* Activity: As you print the data below, keep every line exactly as it is and leave the images behind.

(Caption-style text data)
-----

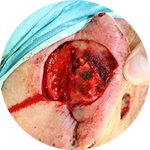 Sekundäre Wundheilung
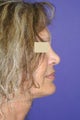 Neck sling procedure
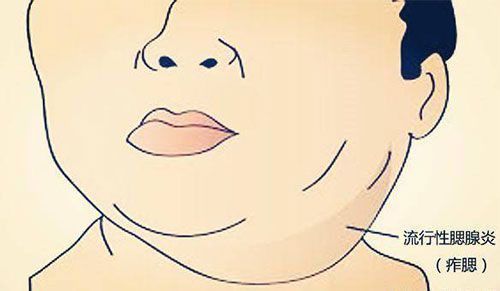 �����׵�֢״������ ��Щ���׵�������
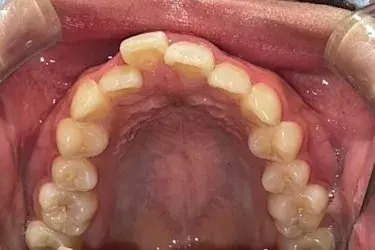 Before Image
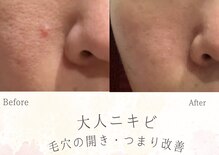 ソニョ(Sonyo)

-----

* Answer space:
 Sekundäre Wundheilung
 Neck sling procedure
 �����׵�֢״������ ��Щ���׵�������
 Before Image
 ソニョ(Sonyo)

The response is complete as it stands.